• [Instructions to follow]:
For every line in the records below that contains the word "sale", add one to a count, and report only that count.

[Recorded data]
'''

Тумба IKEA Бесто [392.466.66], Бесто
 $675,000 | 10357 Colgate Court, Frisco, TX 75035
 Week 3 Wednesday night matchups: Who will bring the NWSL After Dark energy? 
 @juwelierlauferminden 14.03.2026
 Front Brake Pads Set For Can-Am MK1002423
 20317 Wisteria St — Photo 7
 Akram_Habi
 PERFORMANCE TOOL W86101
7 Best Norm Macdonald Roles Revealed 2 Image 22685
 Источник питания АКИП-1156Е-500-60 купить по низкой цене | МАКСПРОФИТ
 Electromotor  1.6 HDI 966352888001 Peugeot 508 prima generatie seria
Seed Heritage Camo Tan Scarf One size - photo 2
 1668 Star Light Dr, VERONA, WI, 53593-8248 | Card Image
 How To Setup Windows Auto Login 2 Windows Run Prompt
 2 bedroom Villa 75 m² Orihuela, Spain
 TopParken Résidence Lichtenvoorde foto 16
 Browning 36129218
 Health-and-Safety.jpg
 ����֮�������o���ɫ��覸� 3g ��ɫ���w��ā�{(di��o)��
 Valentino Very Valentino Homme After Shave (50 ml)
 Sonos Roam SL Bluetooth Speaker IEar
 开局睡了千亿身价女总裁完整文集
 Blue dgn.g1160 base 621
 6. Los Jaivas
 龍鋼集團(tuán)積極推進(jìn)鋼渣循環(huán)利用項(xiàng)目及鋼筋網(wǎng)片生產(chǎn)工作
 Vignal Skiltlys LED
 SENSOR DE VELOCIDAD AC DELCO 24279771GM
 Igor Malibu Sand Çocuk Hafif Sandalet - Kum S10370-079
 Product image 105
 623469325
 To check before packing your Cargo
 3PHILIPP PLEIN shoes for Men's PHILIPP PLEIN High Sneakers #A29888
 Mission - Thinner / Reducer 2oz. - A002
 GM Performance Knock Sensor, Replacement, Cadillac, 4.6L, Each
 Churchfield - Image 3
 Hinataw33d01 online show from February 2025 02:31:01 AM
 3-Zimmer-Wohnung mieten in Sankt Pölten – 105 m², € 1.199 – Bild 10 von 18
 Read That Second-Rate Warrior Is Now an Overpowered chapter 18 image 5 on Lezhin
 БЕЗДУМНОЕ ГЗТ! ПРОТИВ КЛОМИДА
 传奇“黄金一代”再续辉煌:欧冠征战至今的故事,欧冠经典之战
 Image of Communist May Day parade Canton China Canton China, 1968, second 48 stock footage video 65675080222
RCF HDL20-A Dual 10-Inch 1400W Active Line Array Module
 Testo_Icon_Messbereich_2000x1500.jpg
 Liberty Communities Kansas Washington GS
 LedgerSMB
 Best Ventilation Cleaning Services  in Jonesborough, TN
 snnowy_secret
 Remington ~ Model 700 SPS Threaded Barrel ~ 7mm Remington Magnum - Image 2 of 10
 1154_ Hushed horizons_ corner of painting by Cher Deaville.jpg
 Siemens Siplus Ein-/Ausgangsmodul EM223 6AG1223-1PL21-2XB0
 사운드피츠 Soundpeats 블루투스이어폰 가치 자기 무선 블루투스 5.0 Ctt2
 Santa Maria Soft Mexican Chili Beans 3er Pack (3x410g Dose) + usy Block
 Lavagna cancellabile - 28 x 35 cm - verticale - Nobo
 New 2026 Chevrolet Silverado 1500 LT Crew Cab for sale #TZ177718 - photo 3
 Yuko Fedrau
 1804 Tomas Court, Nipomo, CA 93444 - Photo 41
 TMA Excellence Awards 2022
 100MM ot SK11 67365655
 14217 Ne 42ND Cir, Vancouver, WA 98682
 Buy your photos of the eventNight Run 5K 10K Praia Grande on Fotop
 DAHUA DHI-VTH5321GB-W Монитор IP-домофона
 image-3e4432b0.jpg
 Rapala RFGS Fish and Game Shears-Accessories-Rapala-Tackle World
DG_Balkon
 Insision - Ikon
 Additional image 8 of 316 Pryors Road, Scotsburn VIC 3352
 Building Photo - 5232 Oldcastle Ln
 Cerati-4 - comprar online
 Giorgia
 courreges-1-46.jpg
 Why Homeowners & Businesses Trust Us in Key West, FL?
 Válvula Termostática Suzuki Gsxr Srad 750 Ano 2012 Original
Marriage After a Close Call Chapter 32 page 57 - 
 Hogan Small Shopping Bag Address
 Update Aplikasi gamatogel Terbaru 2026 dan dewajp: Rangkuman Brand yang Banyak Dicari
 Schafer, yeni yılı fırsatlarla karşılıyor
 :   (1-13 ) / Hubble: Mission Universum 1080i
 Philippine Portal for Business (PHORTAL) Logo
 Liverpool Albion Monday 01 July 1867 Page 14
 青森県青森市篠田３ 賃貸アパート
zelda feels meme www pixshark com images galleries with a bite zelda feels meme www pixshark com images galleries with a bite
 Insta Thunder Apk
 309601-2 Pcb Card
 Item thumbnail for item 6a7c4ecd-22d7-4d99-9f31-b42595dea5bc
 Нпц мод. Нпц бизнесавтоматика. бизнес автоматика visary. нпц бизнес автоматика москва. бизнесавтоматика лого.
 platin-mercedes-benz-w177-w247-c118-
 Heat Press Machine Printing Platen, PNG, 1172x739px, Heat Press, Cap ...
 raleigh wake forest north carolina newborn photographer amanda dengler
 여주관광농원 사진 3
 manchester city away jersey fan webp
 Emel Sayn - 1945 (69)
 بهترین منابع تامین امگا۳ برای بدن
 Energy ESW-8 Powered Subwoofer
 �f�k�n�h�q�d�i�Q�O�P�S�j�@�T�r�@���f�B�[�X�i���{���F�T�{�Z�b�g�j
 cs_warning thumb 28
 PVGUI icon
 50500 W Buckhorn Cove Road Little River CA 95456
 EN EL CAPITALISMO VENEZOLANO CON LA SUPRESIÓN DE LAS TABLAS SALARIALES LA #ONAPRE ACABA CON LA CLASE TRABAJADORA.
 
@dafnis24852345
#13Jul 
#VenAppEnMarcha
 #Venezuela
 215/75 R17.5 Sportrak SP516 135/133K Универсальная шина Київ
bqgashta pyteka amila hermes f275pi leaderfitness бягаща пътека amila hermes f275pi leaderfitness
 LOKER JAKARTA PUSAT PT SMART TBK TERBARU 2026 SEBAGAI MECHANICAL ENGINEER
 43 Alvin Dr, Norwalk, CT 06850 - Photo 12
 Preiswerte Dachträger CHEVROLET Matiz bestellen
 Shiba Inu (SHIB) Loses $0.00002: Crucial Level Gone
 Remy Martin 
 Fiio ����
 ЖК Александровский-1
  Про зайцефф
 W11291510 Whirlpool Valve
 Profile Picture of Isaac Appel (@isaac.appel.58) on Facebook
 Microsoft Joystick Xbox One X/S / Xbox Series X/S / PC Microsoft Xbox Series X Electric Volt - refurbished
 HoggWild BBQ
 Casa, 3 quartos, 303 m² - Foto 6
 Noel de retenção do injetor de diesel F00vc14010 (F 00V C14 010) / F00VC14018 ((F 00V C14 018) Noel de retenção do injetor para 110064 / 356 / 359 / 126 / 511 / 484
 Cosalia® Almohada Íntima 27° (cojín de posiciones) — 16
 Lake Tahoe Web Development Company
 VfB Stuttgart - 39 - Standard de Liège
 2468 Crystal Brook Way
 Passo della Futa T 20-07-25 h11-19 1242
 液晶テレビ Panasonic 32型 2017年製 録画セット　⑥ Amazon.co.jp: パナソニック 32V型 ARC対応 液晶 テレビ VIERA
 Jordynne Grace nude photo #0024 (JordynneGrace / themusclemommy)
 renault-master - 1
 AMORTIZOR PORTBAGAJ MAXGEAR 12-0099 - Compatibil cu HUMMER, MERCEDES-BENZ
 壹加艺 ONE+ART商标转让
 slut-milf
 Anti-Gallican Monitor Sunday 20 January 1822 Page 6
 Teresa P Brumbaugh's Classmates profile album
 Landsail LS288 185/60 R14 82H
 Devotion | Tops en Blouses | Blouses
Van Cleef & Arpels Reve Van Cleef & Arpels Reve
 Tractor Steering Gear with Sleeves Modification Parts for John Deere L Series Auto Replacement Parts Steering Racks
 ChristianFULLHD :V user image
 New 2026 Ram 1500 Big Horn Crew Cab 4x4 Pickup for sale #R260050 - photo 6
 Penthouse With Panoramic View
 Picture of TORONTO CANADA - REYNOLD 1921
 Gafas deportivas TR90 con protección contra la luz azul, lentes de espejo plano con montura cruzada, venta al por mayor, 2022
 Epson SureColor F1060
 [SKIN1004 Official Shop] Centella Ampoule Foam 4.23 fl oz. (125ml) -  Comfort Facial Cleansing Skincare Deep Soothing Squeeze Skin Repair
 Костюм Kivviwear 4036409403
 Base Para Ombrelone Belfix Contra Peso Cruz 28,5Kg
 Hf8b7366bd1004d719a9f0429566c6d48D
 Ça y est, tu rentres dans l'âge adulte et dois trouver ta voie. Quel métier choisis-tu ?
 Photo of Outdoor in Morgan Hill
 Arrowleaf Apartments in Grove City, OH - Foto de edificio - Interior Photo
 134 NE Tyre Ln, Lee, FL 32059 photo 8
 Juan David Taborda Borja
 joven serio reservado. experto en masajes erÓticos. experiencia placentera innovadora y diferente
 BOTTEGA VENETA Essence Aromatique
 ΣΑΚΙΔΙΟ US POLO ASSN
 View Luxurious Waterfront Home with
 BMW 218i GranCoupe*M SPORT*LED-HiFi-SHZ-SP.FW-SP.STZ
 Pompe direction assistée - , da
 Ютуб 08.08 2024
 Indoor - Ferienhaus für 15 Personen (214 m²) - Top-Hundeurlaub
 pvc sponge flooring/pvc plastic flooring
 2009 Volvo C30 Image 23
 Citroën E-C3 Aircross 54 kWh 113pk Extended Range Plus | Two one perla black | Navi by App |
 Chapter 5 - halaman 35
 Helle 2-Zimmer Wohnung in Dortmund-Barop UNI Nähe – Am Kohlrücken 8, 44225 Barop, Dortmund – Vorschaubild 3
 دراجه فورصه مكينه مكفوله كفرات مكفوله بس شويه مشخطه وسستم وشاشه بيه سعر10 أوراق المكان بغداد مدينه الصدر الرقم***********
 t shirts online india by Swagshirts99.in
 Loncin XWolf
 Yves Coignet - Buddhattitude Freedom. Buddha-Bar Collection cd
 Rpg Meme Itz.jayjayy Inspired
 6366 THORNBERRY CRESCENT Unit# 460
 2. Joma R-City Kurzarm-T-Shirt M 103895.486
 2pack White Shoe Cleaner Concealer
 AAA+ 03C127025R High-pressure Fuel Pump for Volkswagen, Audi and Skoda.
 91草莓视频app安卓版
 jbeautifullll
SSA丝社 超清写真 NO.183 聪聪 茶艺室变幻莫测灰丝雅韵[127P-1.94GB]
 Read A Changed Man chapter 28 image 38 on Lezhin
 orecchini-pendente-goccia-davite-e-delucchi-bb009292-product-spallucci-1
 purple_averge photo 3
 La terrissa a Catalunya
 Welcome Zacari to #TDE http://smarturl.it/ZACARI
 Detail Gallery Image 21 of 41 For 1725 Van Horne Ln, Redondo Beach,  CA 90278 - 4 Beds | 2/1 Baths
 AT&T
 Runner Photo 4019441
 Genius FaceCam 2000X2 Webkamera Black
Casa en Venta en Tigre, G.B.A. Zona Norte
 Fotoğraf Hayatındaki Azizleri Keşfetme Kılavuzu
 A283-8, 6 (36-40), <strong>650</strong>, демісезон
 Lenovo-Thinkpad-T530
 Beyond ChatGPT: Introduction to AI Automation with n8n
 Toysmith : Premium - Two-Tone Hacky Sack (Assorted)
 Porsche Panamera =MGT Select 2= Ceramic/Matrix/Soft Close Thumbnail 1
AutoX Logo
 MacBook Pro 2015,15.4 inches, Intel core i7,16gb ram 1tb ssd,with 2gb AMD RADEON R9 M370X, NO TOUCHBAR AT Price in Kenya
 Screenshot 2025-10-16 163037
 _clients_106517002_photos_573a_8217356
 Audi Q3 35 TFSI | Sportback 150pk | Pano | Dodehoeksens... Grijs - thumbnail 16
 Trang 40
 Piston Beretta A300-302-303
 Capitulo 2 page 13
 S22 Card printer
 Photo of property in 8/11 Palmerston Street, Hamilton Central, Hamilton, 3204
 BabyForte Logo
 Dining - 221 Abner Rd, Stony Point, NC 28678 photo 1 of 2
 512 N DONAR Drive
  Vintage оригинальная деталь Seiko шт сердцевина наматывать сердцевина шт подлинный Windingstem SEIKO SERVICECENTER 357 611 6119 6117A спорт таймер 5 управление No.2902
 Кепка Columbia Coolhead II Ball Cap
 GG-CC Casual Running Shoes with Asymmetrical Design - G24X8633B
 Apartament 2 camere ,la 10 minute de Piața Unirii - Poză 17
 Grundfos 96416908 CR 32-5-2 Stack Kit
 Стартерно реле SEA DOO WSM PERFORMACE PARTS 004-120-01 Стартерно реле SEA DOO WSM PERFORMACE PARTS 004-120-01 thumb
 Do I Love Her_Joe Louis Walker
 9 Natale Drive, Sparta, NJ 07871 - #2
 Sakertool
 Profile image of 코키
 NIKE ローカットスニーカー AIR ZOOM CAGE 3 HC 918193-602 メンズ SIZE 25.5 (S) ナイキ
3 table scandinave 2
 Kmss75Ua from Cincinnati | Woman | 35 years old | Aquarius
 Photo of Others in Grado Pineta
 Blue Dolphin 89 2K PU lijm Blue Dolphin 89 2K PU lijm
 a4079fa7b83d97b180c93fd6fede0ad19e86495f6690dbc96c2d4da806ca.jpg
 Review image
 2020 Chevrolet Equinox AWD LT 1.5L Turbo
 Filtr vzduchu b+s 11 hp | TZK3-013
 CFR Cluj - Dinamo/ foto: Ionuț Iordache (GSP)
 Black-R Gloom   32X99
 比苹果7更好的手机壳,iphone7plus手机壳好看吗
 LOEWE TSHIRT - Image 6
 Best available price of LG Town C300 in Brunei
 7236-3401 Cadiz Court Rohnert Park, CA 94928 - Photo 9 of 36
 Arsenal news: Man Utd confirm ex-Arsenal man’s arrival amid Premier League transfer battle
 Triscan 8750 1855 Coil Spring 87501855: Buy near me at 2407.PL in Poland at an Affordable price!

'''

• [Answer section]:
2